Thursday, December 18, 2014

Kafka network utilization (in vs. out)

One thing that was confusing me as I looked into the metrics in my Kafka performance testing (as shown in any of the graphs in my previous blog post) was the approximately 2x factor of input network bytes vs. output network bytes. Given I was doing replication, shouldn't the number of bytes be the same since I have to exactly replicate the messages to a following broker?

Let's assume one producer sending at 300MB/sec and three brokers with a replication factor of two and three partitions and no consumers for a simple example.

A single brokers (bid = 0) receives 100 MB/sec from the producer (eth0 in) for a partition (say pid = 0) as it is the leader for one of the partitions.

The single broker turns around and sends (eth0 out) 100 MB/sec to the broker who is the in sync replica (say bid = 1) for all of that traffic.  To be accurate, it is actually the in sync replica (bid = 1) that pulls.

Next is what I was missing in quick thinking about this problem ...

The single broker (bid = 0) also gets sent (actually pulls), 100 MB/sec from another broker's (say bid = 2) partition (say pid = 2) to which it is not the leader, but an in sync replica.

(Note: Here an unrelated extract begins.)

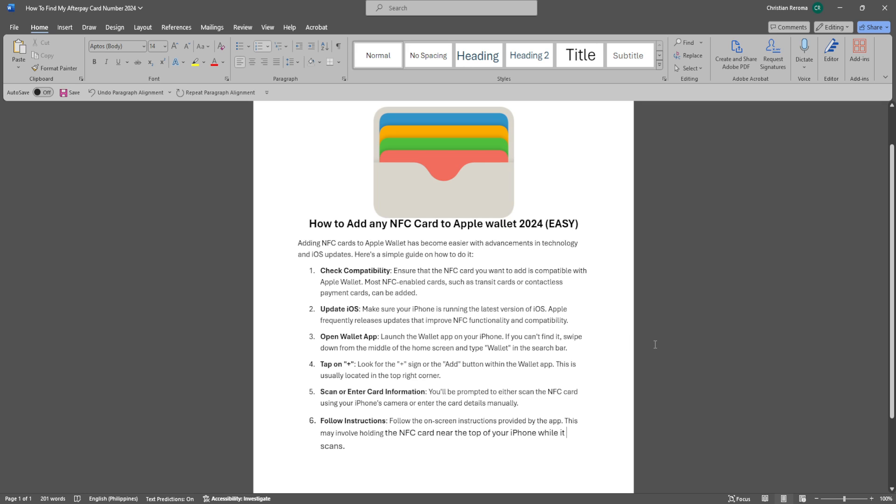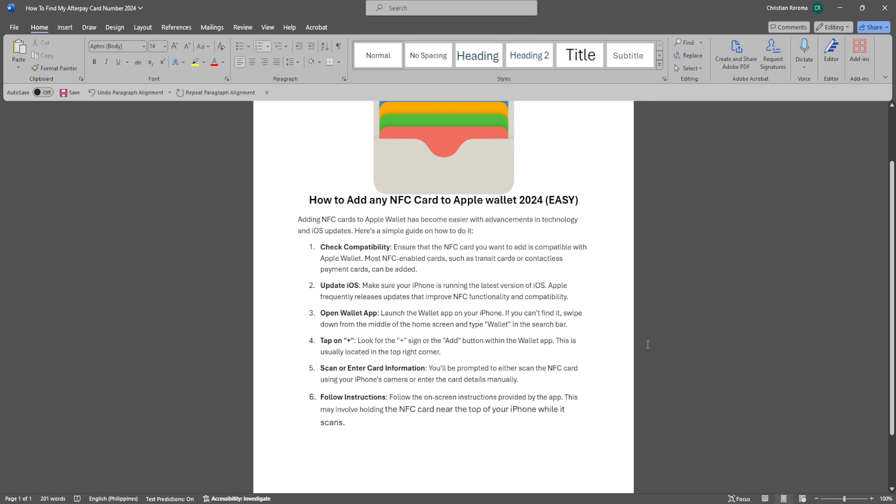Apple frequently releases updates that improve NFC functionality and compatibility. Launch the Wallet app on your iPhone. If you can't find it, swipe down from the middle of the home screen and type Wallet.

This means the traffic load for this broker is:
  • producer to broker (bid = 0) for partition (pid = 0)
    • eth0 in = 100 MB/sec
  • broker (bid = 0) for partition (pid = 0) to in sync replica broker (bid = 1)
    • eth0 out = 100 MB/sec
  • broker (bid = 2) for partition (pid = 2) to in sync replica broker (bid = 0)
    • eth0 in = 100 MB/sec
  • total:
    • eth0 in = 200 MB/sec
    • eth0 out = 100 MB/sec
Notice I originally said no consumers.  If I added consumers they would start to add to the eth0 out figure and possibly balance the in vs. out, but only if they were consuming at the same rate as the producers.  If there were more consumers than producers, the consumers could easily overrun the input rate which would be common for streams that were heavily fanned out to different consumer groups.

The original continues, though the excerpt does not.